How do I determine my net worth? ›

Your net worth is the value of all of your assets, minus the total of all of your liabilities. Put another way, it is what you own minus what you owe. If you owe more than you own, you have a negative net worth.

How to answer net income? ›

How to calculate net income. To calculate net income, take the gross income — the total amount of money earned — then subtract expenses, such as taxes and interest payments.

What's my monthly net income? ›

Your net pay is essentially your gross income minus the taxes and other deductions that are withheld from your earnings by your employer. Your net pay each pay period is the final amount on your paycheck. Your annual net pay is your salary minus the money that's withheld throughout the year.

What is your net income percentage? ›

Once you've calculated the net income (profit), simply divide this amount by the total revenue. To convert it to a percentage, multiply by 100.

What is the 50 30 20 budget rule? ›

Those will become part of your budget. The 50-30-20 rule recommends putting 50% of your money toward needs, 30% toward wants, and 20% toward savings.

What is the 40-40-20 budget rule? ›

The 40/40/20 rule comes in during the saving phase of his wealth creation formula. Cardone says that from your gross income, 40% should be set aside for taxes, 40% should be saved, and you should live off of the remaining 20%.

Is 50/30/20 outdated? ›

But amid ongoing inflation, the 50/30/20 method no longer feels feasible for families who say they're struggling to make ends meet. Financial experts agree — and some say it may be time to adjust the percentages accordingly, to 60/30/10.

What net income is considered rich? ›

Based on that figure, an annual income of $500,000 or more would make you rich. The Economic Policy Institute uses a different baseline to determine who constitutes the top 1% and the top 5%. For 2021, you're in the top 1% if you earn $819,324 or more each year. The top 5% of income earners make $335,891 per year.
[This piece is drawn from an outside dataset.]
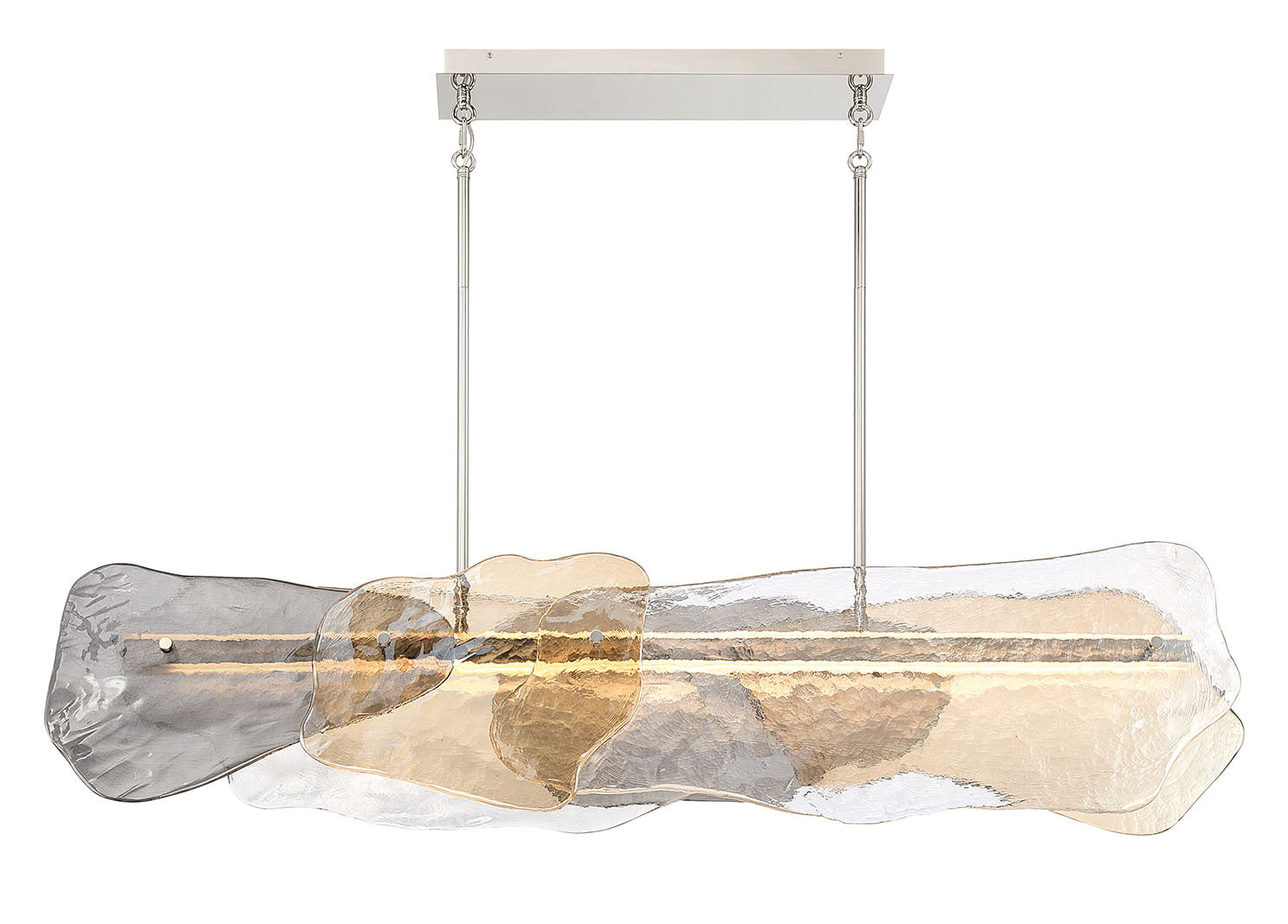 Grotto 58" Integrated LED Linear Chandelier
What is a good net worth by age? ›

Average net worth by age
Age by decadeAverage net worthMedian net worth
20s$104,878$7,467
30s$292,609$35,435
40s$740,646$126,126
50s$1,345,922$290,271
4 more rows

What is a healthy net worth? ›

Determining what your net worth should be at any age can be a bit tricky, and it depends on your income. Say you're 30 years old and your income is $50,000 per year. Your net worth should be $150,000, according to this formula. A $25,000 salary at age 30 would mean an ideal net worth of $75,000.

What does it mean when someone asks your net worth? ›

Intangibles such as your personal network are sometimes considered assets as well. Your liabilities, on the other hand, represent your debts, such as loans, mortgages, credit card debt, medical bills, and student loans. The difference between the total value of your assets and liabilities is your net worth.

What explains your net worth? ›

It's the total value of all your assets—including your house, cars, investments and cash—minus your liabilities (things like credit card debt, student loans, and what you still owe on your mortgage). We just made it easier for you to find that number with our Net Worth Calculator.

What should your net worth be by 30? ›

The net worth you should be aiming for in your 30s is between $25,000 and $100,000, according to Crissi Cole, founder and CEO of Penny Finance.

What is a good net worth for a person? ›

Net worth is the difference between the values of your assets and liabilities. The average American net worth is $1,063,700, as of 2022. Net worth averages increase with age from $183,500 for those 35 and under to $1,794,600 for those 65 to 74. Net worth, however, tends to drop for those 75 and older.